There’s no save function, so I Believe In Capybara Supremacy! can be as short or as long as you want. While some of the Steam reviews assume something sinister at play under the hood, all I see is an indie developer finding their voice bit by bit. And hey, 99 cents is much cheaper than the used Tamagotchi market.
Elrentaros Wanderings
Elrentaros Wanderings doesn’t quite live up to its pedigree. But it’s still a sturdy action RPG with visual novel elements layered on top. Producer Yoshifumi Hashimoto—creator of the Rune Factory series—brings his signature deliberate pacing and aesthetic to a smaller-scale dungeon crawler, even if the end result feels more insubstantial than breezy.
Your character falls asleep in class, only to wake up in an unfamiliar fantasy world. Determining which world is real and which one isn’t is the main intrigue of the story, but never to a point that demands real investment.
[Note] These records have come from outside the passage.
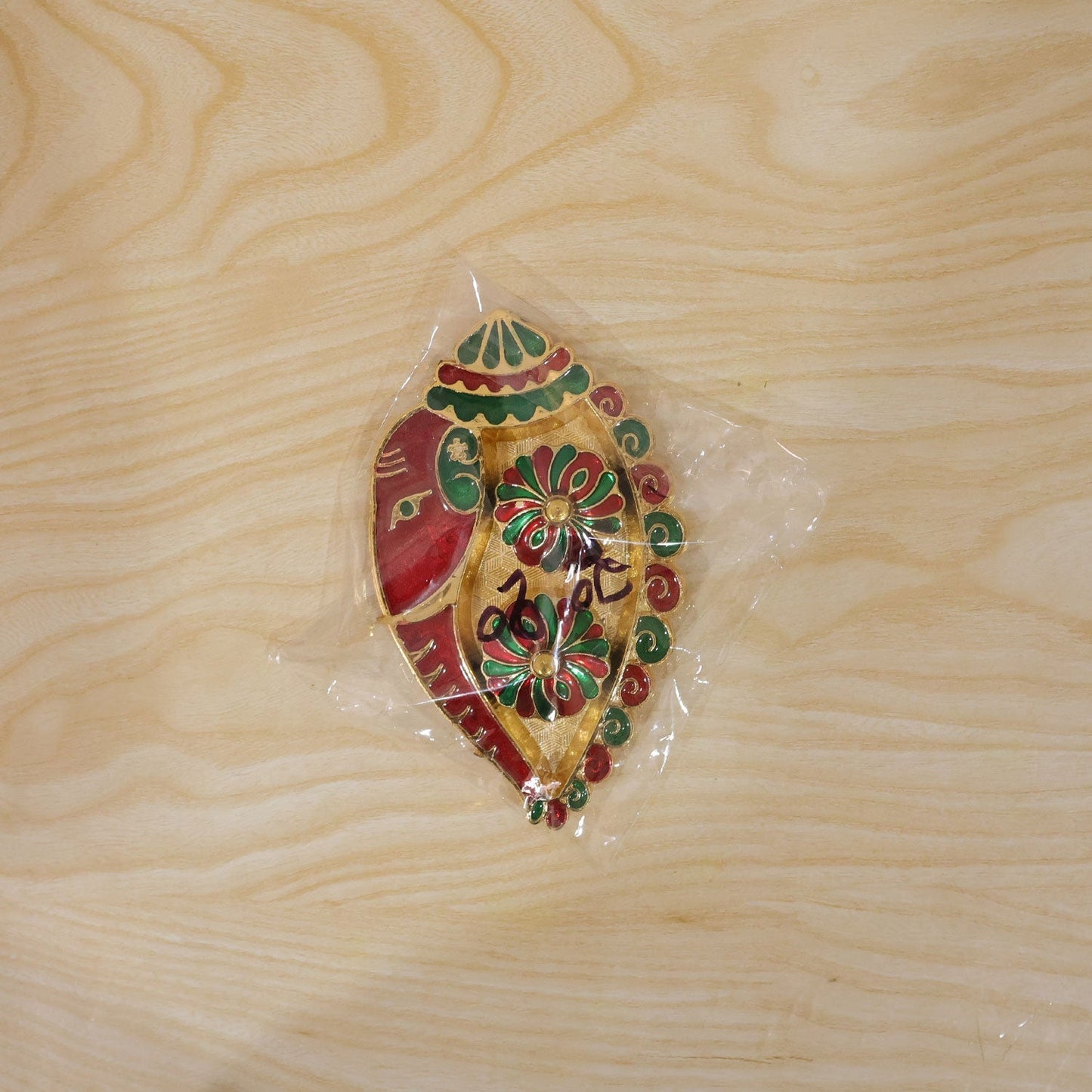 Packaged leaf-shaped kumkum holder for gifting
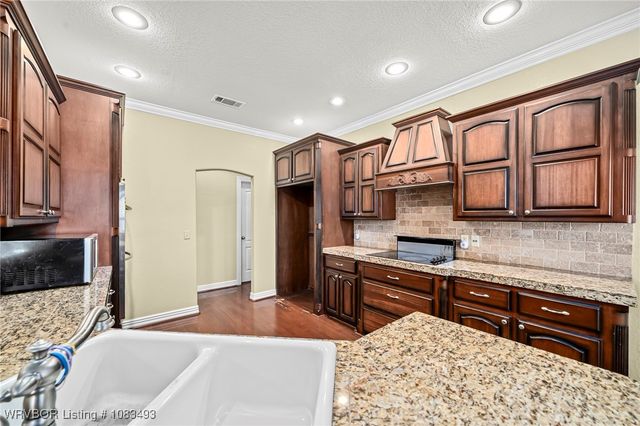 1526 Saratoga Court, Van Buren, AR 72956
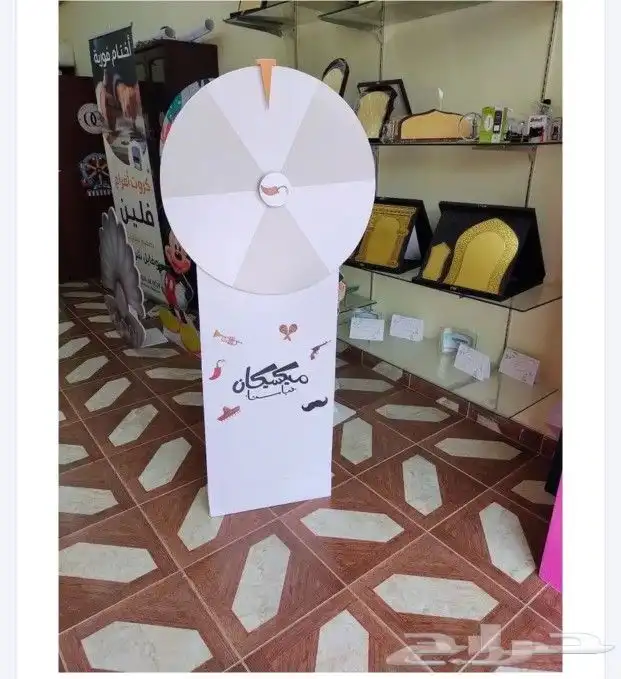 مجسمات فلين وعجلة الحظ 2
Villagers and classmates behave in pretty standard ways, the gaps showing more easily without Rune Factory’s open-ended framework to scaffold things.
After getting their bearings and talking to the residents, your character their weapon and venture to a nearby cave. Action combat is simple and brisk, like if Dragalia Lost was had less mobile game economy rot. Most enemies are easily dealt with, but lower floor bosses demand more attention with harder hits and tricky attack patterns.
If you’re after a simple and pleasant gameplay loop, Elementaros Wanderings fits the bill perfectly. Bite-sized dungeon runs are the perfect length on Switch, just enough fuss to pop in and pop out. Elementaros Wanderings drastically scales back compared to its producer’s past lineage, but that could be a boon for gamers with limited schedules.